Introduction à la guerre technologique entre les États-Unis et la Chine

L’évolution de la technologie et de l’intelligence artificielle (IA) a récemment pris un tournant majeur dans la confrontation économique entre les États-Unis et la Chine. NVIDIA et AMD, deux géants de l’industrie des semi-conducteurs, ont trouvé un terrain d’entente avec le gouvernement américain pour exporter leurs puces IA en Chine. Cependant, cet accord s’accompagne d’une condition surprenante : une part des revenus issus de ces ventes ira aux États-Unis.

Contexte géopolitique

Depuis plusieurs années, le gouvernement américain impose des restrictions sévères sur les exportations de technologie avancée vers la Chine. Cette initiative vise principalement à empêcher le pays d’acquérir des compétences technologiques qui pourraient lui permettre de rivaliser avec les entreprises américaines. Cependant, malgré ces restrictions, la Chine a réussi à développer des alternatives avancées, comme DeepSeek, un modèle d’IA, et des puces Huawei. Cela témoigne d’une stratégie qui, jusqu’à présent, a échoué à limiter l’émergence technologique de la nation asiatique.

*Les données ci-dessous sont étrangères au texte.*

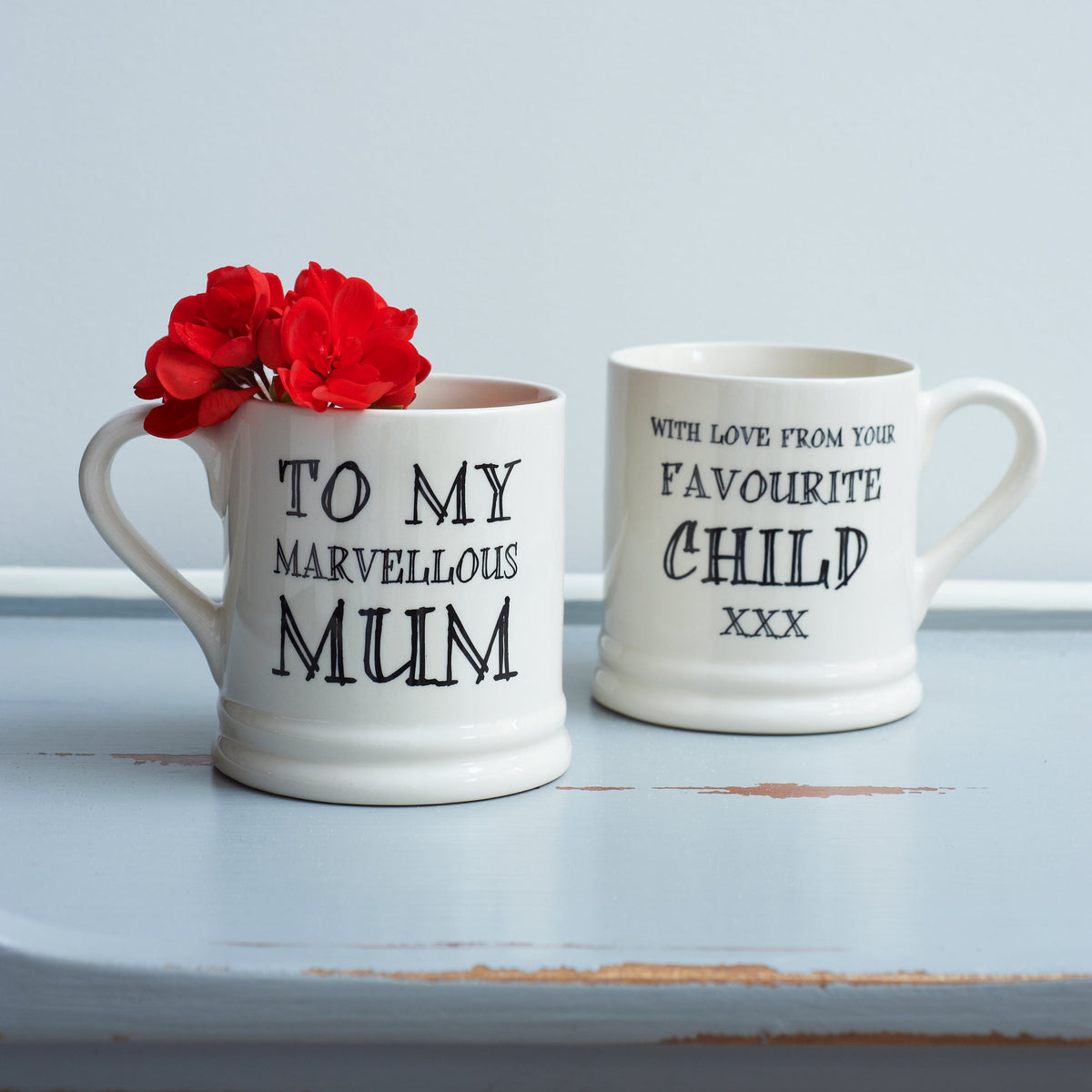 Ceramic Mum mug showing “To My Marvellous Mum” on the front and “With Love From Your Favourite Child xxx” on the reverse, a funny gift by Sweet William Designs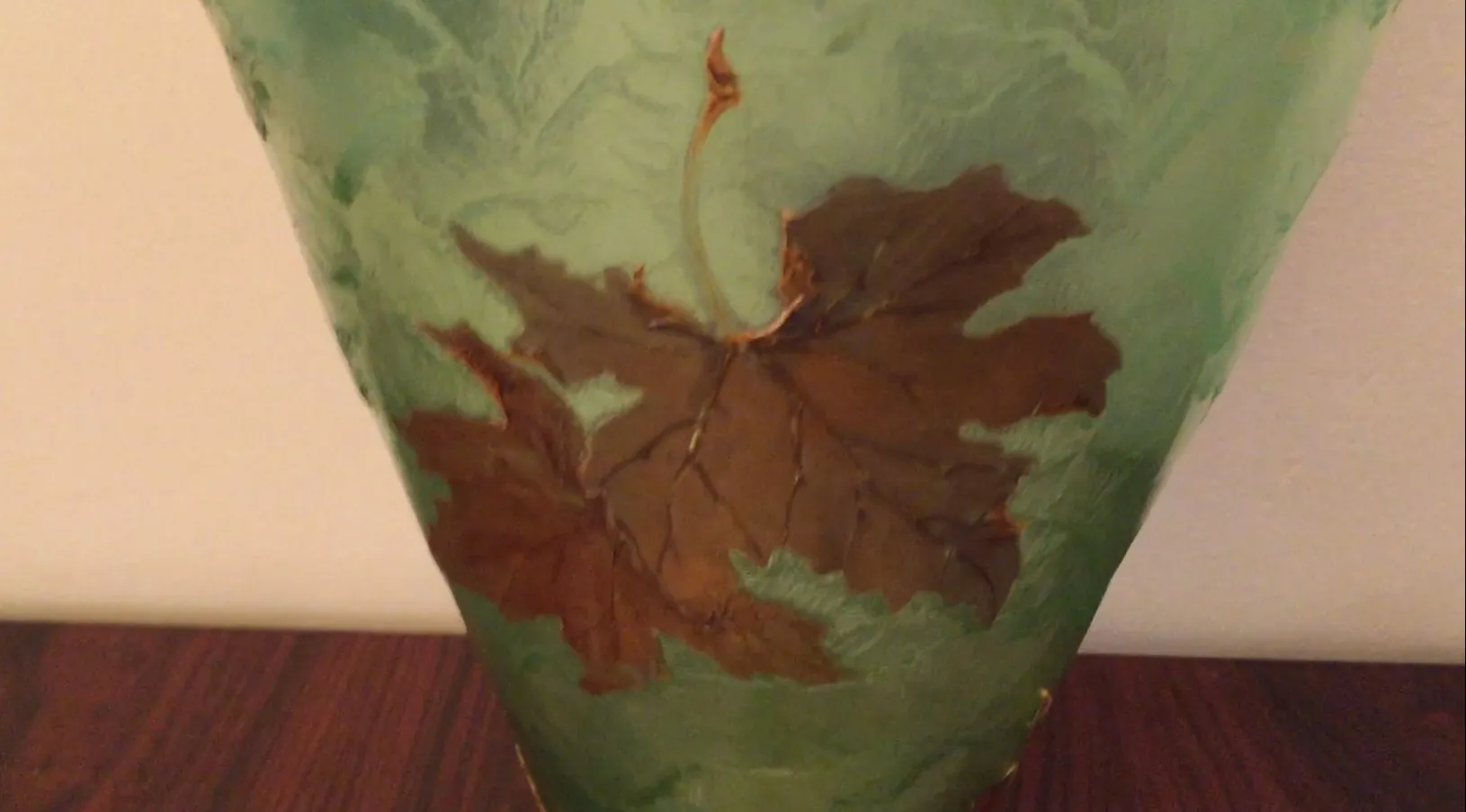 Glass globe with brown and green leaf decoration.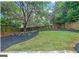 Expansive backyard featuring manicured lawn, mature trees, and landscaping for outdoor enjoyment at 1042 Faith Se Ave, Atlanta, GA 30316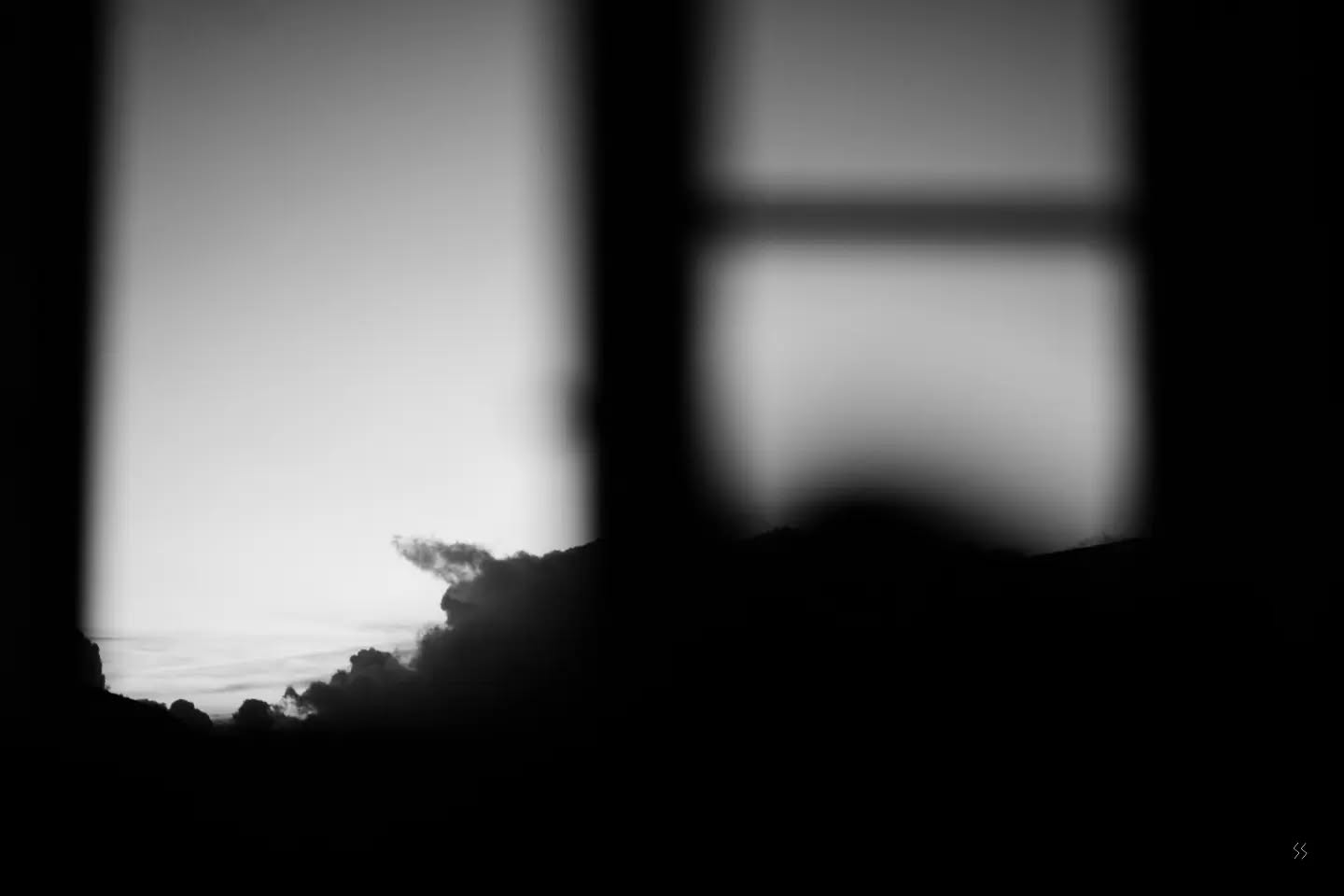 Black and white blurred image of two window frames, one showing pale sky and distant hazy hills, the other softly blurred glass panes.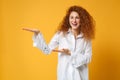 Laughing young redhead woman girl in white shirt posing isolated on yellow orange wall background studio portrait Royalty Free Stock Photo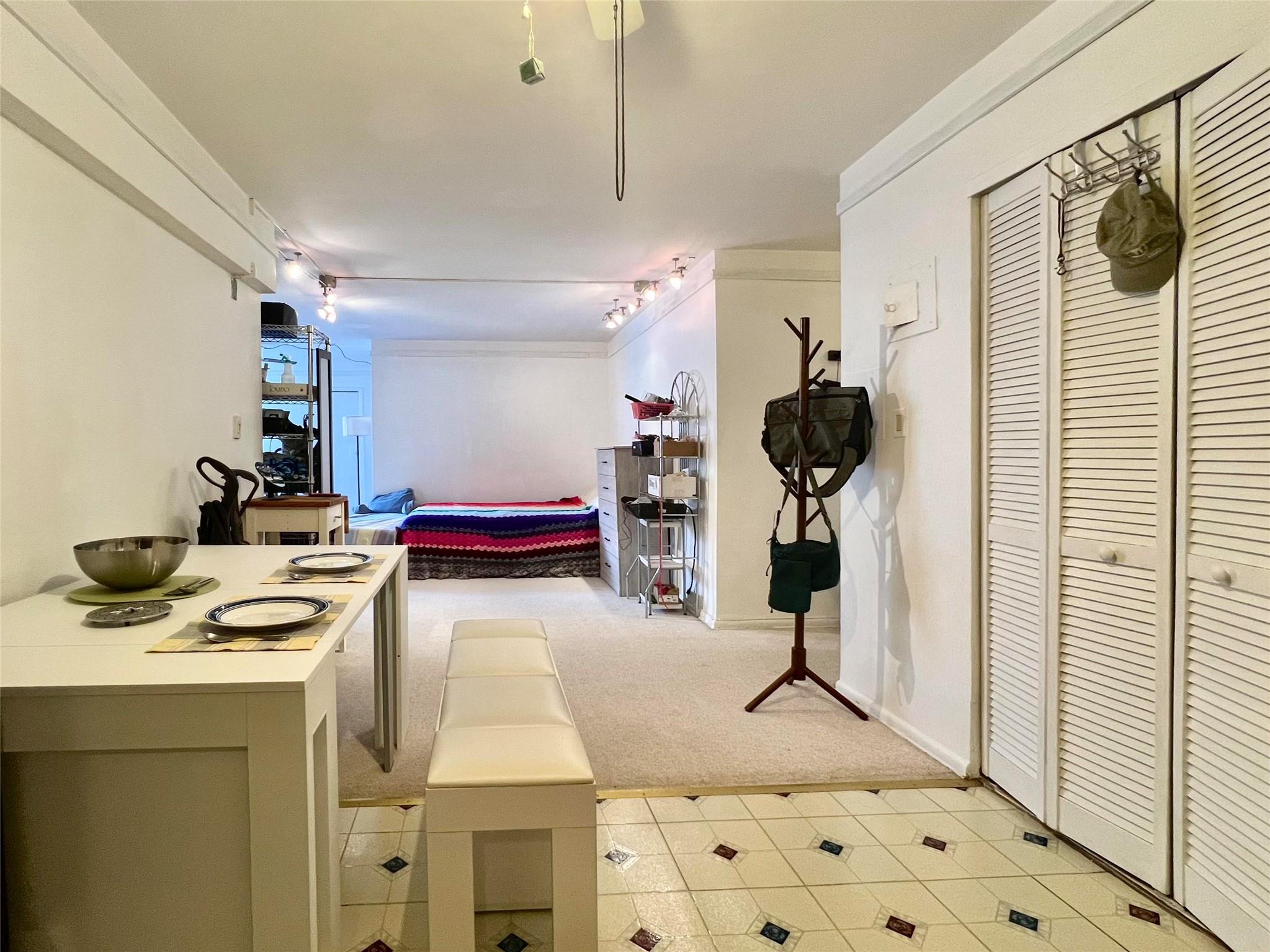 142-05 Roosevelt Avenue, Unit 301 Queens, NY 11354 - Photo 2 of 11 a kitchen with white cabinets and appliances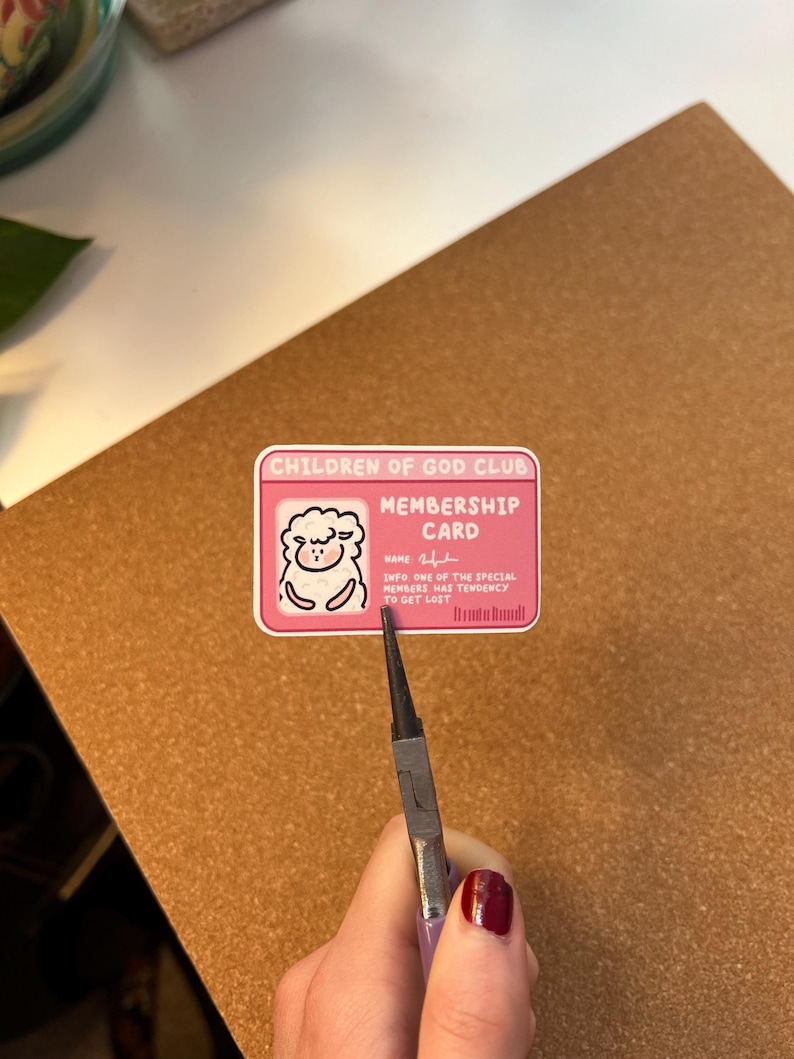 May include: A pink membership card for the "Children of God Club" featuring a sheep graphic. The card's text reads: "INFO: ONE OF THE SPECIAL MEMBERS HAS TENDENCY TO GET LOST."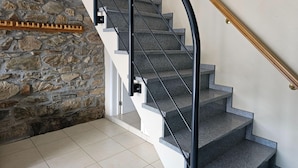 A staircase with stone walls and a wooden handrail. - Renovated Holiday Home in Stavelot With Infrared Sauna (Stavelot)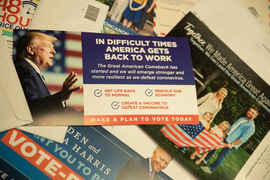 Three postcard-sized printed ads with political slogans are on a flat surface: one with Donald Trump, one with President Joe Biden, and another with a family holding the US flag.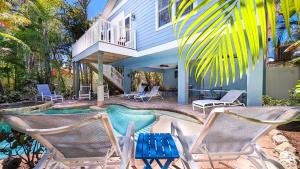 ein Haus mit einem Pool und zwei Gartenstühlen in der Unterkunft Beach Breezes in Anna Maria Island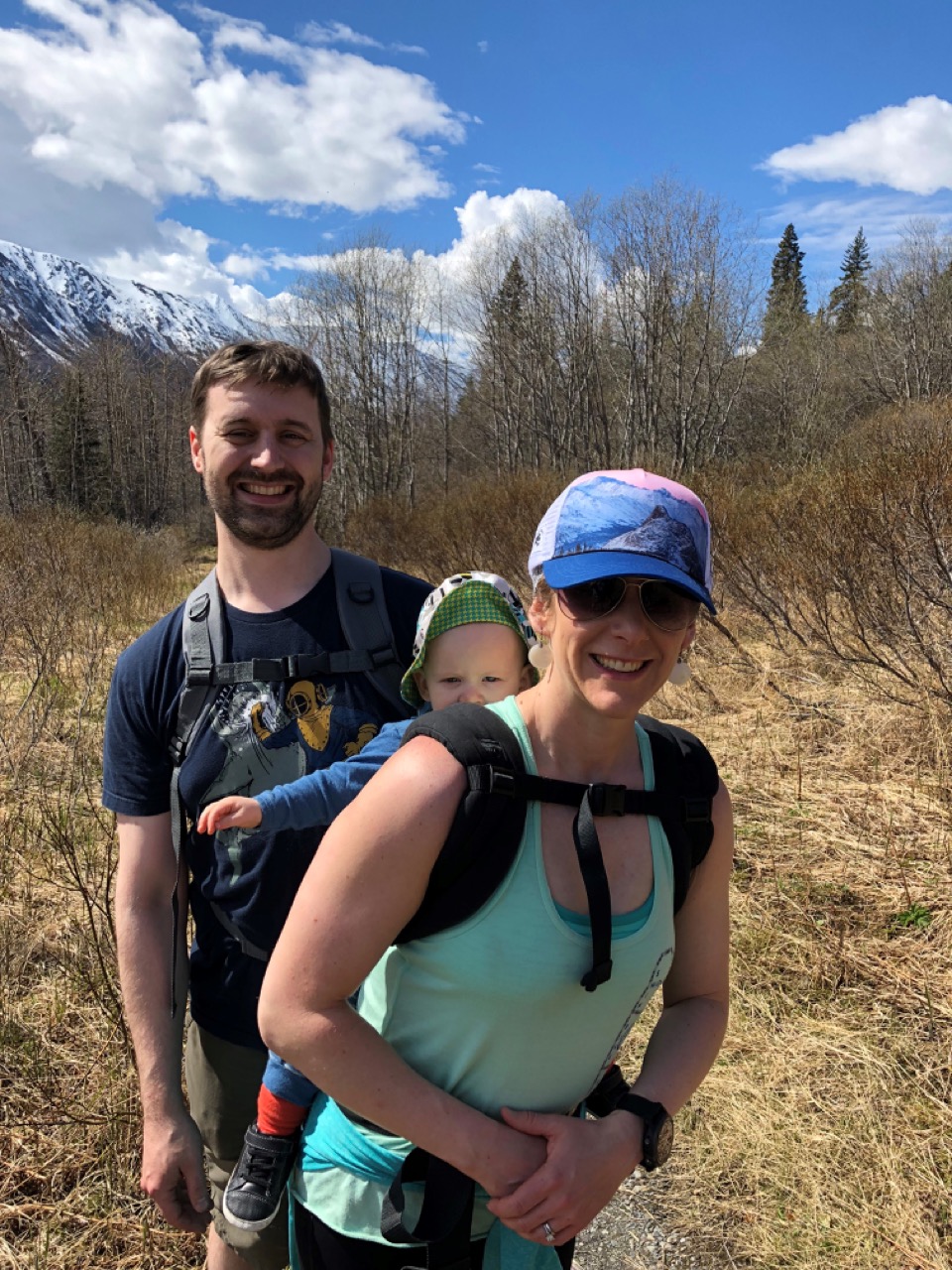 mom and dad smile with baby girl while hiking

NVIDIA et ses ambitions avec le chip H20

Pour contourner ces obstacles, NVIDIA a mis au point le chip H20, conçu pour répondre aux exigences du gouvernement américain. L’objectif n’était pas de vendre les chips les plus avancés, mais de maintenir une source de revenus sur le marché chinois. Malheureusement, même cette approche n’a pas permis d’obtenir le feu vert pour l’exportation de ces produits.

Le dilemme d’AMD

La situation d’AMD est similaire. L’entreprise se trouve dans une impasse : vendre des puces de IA à la Chine pourrait entraîner des bénéfices colossaux, mais les restrictions américaines l’en empêchent. Les ventes en Chine représentent une part significative des revenus d’AMD, et ces limitations menaçaient de porter un coup sévère à la santé financière de l’entreprise.

L’accord audacieux : un partage des revenus

La solution apportée à cette impasse commerciale est surprenante. Comme l’indique un article du Financial Times, le gouvernement américain vient de permettre la vente des chips H20 de NVIDIA et des MI308 d’AMD en Chine, sous la condition que 15 % des revenus générés par ces ventes soient reversés au gouvernement américain. Ce modèle de quid pro quo est sans précédent dans l’histoire des exportations américaines.

Les déclarations de Jensen Huang

Jensen Huang, le PDG de NVIDIA, avait déjà alerté sur les conséquences d’une interdiction prolongée de vendre ses produits en Chine. Il avait évoqué une perte potentielle de 15 milliards de dollars dans ses revenus annuels, la Chine représentant 13 % de son chiffre d’affaires global. Les sanctions risquaient de compromettre la viabilité de l’entreprise sur le marché chinois. Cette nouvelle entente pourrait donc préserver la position de NVIDIA tout en offrant une nouvelle source de revenus au gouvernement américain.

Une réunion déterminante

Selon des rapports, le département du commerce américain a commencé à émettre des licences pour l’exportation des chips H20 peu après une réunion entre Jensen Huang et le président Donald Trump. Cette rencontre semble avoir été un tournant décisif, renforçant l’idée que la collaboration, même dans un cadre de tension commerciale, peut porter ses fruits.

Un précédent inquiétant

Les mots des analystes du Financial Times font état d’un quid pro quo qui pourrait donner un très mauvais exemple. Jamais auparavant une entreprise américaine n’avait accepté de partager ses revenus en échange de licences d’exportation. Ce nouveau modèle fait écho aux politiques de Trump qui exigent que les entreprises américaines fabriquent leurs produits sur le sol national.

Les implications futures

Des experts estiment qu’avant les restrictions, NVIDIA aurait pu vendre environ 1,5 million de chips H20, représentant potentiellement un chiffre d’affaires de 23 milliards de dollars. Cependant, avec cet accord, ces prévisions sont maintenant révisées à la baisse. Malgré cela, il est probable que les entreprises chinoises passeront des commandes substantielles, tant pour les chips de NVIDIA que d’AMD.

Conclusion

Les critiques émergent quant à ce type d’accords. Certains experts, comme Liza Tobin de la Jamestown Foundation, soulignent que cela pourrait ouvrir la voie à des accords similaires dans d’autres secteurs, et questionnent la logique d’une politique qui transforme des licences d’exportation en revenus pour l’État. Une telle évolution pourrait redéfinir les relations commerciales internationales et les stratégies des entreprises en matière d’exportation dans le futur. L’avenir des relations économiques entre les États-Unis et la Chine sera donc à suivre de près, car les implications de cet accord pourraient influencer la structure même du marché mondial des technologies.